Quanto ao comentário dela sobre a perfeição cinematográfica, é mesmo curioso. Há filmes dos quais dizemos que parecem teatro. E normalmente gosto de filmes desse género, muito centrados no texto e nos diálogos. Por isso, entendo o que a S. quer dizer, mas não faria essa comparação. Tão perfeito, tão próximo, tão real, tão vivo, só o teatro mesmo.

A magia do teatro ganha ainda maior dimensão numa época em que tudo é visto, lido e ouvido através de ecrãs, em pequenos vídeos, parágrafos curtos, shots de informação ou ficção. O teatro exige um esforço e uma atenção que já não se usam. Os actores constroem a magia noite após noite com os próprios corpos, a própria voz, tudo sem filtros. Num mundo em que tudo nos chega cada vez mais através de filtros e mediado por algoritmos, a experiência crua e nua do palco ganha ainda mais força e sentido.

O que se pede ao público é também exigente. Dirijam-se a este local, às tantas horas, compareçam a tempo e estejam preparados para duas ou três horas de atenção plena. Para assistir à interpretação de textos muitas vezes complexos, com referências nem sempre evidentes, escritos em épocas e contextos distantes do nosso. O teatro pede-nos disponibilidade física, mental, emocional, tudo ao mesmo tempo.

A Noite da Iguana não é uma peça difícil, nesse sentido. Pouco depois da subida do pano, já estamos imersos no ambiente de languidez e lassidão, ligeiramente devasso, do pequeno hotel na costa mexicana gerido por Maxine, uma viúva recente com desejos. O alvo do desejo é Shannon, ex-padre transformado em guia turístico de senhoras, um alcoólico viciado na angústia e em jovenzinhas menores.

A esta dupla junta-se outra, tão improvável como doce: uma neta e um avô que viajam pelo mundo como artistas ambulantes, ganhando a vida em hotéis. Ela está à beira dos 40, faz aguarelas e caricaturas. Ele tem quase um século e é “o último poeta vivo ainda no activo.”

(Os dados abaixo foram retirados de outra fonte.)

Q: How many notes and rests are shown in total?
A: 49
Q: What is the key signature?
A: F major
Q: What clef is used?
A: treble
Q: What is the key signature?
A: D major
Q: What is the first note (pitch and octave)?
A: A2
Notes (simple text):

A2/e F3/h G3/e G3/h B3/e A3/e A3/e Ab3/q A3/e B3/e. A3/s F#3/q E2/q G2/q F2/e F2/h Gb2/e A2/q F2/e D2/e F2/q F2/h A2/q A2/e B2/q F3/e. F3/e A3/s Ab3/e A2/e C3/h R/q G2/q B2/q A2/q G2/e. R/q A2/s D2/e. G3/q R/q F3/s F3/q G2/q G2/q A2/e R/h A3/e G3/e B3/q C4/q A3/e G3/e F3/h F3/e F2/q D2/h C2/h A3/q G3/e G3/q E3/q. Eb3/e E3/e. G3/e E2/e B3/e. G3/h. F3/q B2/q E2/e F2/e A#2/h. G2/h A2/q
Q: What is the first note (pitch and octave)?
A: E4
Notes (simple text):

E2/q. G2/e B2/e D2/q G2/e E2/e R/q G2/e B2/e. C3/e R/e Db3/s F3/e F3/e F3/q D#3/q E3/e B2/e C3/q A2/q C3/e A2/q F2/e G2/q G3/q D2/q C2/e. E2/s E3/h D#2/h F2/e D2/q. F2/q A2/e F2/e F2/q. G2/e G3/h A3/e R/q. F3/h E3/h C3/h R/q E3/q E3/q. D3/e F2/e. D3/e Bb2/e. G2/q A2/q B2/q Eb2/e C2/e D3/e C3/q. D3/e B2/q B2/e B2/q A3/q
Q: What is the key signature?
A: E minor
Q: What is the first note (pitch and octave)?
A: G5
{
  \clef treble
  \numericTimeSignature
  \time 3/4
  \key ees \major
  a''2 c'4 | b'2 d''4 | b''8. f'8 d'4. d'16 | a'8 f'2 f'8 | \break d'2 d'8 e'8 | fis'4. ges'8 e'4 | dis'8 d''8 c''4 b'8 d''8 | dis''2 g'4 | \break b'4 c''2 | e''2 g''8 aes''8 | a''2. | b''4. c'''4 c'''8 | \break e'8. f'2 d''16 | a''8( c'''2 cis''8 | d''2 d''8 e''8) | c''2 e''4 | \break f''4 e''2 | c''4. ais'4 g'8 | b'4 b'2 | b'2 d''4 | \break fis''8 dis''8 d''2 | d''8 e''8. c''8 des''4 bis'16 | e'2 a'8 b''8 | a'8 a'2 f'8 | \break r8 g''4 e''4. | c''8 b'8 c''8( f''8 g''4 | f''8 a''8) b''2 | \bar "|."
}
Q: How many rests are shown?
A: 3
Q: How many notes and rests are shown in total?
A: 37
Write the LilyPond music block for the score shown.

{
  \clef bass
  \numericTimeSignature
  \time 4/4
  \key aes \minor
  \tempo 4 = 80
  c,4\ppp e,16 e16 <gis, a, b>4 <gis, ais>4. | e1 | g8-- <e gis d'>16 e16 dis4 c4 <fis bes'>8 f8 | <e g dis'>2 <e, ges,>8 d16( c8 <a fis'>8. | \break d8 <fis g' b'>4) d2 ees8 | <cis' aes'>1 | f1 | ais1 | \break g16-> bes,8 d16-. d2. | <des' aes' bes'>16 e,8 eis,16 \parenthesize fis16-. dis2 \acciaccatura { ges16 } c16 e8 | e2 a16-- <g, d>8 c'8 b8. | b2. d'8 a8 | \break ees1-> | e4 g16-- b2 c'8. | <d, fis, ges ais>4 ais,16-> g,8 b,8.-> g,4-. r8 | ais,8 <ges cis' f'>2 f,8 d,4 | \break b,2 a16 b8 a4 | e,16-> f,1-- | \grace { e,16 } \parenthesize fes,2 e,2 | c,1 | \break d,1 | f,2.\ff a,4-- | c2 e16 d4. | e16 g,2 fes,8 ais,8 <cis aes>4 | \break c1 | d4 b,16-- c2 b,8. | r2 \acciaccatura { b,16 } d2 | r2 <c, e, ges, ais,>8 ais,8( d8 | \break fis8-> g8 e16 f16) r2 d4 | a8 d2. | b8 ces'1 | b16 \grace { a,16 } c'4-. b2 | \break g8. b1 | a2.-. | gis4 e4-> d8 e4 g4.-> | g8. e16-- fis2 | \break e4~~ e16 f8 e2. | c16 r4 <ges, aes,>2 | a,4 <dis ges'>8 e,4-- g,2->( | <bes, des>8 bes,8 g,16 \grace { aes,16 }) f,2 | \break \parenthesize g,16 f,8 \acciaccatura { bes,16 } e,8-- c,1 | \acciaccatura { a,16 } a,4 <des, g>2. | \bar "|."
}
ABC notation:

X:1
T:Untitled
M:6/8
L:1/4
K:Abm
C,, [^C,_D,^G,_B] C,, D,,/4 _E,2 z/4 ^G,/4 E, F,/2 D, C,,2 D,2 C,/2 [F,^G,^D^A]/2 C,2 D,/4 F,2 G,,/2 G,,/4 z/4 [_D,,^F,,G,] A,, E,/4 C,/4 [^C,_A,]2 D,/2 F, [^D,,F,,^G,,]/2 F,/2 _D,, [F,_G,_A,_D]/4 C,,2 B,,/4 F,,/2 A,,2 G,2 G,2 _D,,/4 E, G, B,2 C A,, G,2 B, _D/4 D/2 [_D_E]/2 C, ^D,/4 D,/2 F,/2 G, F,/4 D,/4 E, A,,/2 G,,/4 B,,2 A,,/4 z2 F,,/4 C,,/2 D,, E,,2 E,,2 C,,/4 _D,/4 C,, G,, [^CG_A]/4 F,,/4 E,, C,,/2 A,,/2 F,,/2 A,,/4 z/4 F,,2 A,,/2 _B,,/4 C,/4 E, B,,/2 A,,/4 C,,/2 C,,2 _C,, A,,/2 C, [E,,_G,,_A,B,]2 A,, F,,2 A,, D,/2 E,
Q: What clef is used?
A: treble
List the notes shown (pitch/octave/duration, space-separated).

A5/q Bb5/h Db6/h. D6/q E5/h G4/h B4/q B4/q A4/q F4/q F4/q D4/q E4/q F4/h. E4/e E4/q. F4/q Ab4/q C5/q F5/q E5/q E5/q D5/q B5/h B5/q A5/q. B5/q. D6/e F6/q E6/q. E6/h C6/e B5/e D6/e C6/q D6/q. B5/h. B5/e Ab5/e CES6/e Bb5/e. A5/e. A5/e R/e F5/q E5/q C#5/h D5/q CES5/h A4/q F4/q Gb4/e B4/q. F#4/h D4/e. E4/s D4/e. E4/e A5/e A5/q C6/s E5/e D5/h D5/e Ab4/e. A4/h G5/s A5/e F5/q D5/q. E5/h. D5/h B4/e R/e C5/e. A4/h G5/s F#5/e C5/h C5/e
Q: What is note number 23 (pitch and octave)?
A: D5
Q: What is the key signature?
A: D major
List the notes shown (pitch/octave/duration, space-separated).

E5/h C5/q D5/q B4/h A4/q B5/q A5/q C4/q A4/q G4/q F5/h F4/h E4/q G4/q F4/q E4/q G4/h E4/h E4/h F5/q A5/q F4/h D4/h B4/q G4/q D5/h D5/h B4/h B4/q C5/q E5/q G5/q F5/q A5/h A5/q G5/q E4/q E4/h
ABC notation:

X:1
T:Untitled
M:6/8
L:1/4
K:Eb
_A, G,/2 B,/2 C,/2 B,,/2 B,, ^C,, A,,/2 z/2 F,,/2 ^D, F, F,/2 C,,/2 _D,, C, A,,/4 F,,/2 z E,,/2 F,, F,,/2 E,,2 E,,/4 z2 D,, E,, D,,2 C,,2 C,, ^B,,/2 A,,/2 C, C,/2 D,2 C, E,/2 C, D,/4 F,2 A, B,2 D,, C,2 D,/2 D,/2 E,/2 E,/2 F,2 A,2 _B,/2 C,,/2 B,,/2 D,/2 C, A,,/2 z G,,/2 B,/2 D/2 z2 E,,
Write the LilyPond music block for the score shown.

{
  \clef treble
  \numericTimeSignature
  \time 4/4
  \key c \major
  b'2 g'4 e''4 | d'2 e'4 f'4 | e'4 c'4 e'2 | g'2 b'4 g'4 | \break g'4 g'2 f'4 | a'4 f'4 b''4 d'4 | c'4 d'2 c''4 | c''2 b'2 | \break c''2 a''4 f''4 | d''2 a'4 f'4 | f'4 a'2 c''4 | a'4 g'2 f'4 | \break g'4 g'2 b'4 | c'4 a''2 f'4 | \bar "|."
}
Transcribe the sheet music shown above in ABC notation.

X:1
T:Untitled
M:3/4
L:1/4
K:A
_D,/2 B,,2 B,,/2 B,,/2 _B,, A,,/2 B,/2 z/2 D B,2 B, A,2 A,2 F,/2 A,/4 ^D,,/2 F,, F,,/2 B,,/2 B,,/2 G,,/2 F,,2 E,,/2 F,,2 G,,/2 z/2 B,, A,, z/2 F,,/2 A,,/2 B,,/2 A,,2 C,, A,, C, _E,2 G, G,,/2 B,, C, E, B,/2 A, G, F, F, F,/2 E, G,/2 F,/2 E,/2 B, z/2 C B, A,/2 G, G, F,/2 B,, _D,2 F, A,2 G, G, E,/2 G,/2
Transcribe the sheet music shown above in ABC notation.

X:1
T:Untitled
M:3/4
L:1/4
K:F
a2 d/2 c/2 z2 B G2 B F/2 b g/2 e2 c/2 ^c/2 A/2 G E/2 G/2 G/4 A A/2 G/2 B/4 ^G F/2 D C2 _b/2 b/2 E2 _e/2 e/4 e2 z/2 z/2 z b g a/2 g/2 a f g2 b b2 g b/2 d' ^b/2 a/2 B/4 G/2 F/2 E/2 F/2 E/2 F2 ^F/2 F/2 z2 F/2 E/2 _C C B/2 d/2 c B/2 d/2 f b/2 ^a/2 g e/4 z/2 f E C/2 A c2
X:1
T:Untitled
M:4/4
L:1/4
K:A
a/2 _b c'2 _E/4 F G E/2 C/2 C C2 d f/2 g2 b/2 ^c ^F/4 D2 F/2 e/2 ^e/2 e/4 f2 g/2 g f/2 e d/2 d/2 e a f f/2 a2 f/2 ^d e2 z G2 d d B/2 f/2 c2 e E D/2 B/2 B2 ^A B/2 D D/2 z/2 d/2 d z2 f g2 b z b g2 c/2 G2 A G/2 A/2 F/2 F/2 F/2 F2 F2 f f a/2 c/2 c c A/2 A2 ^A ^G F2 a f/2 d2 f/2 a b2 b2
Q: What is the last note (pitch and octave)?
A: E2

O que acontece? Quase nada, de facto. Todos buscam companhia, como dizia a canção. Shannon vem à procura de salvação e redenção. Maxine quer alguém que a ajude a gerir o hotel e o desejo. O avô quer criar um último poema. Hannah quer acompanhar o avó até ao fim e depois continuar.

Por vezes, cada um consegue “escapar do exíguo cubículo de si mesmo” e chegar ao outro. Compreendê-lo, ajudá-lo, libertá-lo.

Há uma iguana presa por uma corda que se arrasta debaixo da casa. Quer libertar-se nem que isso a mate.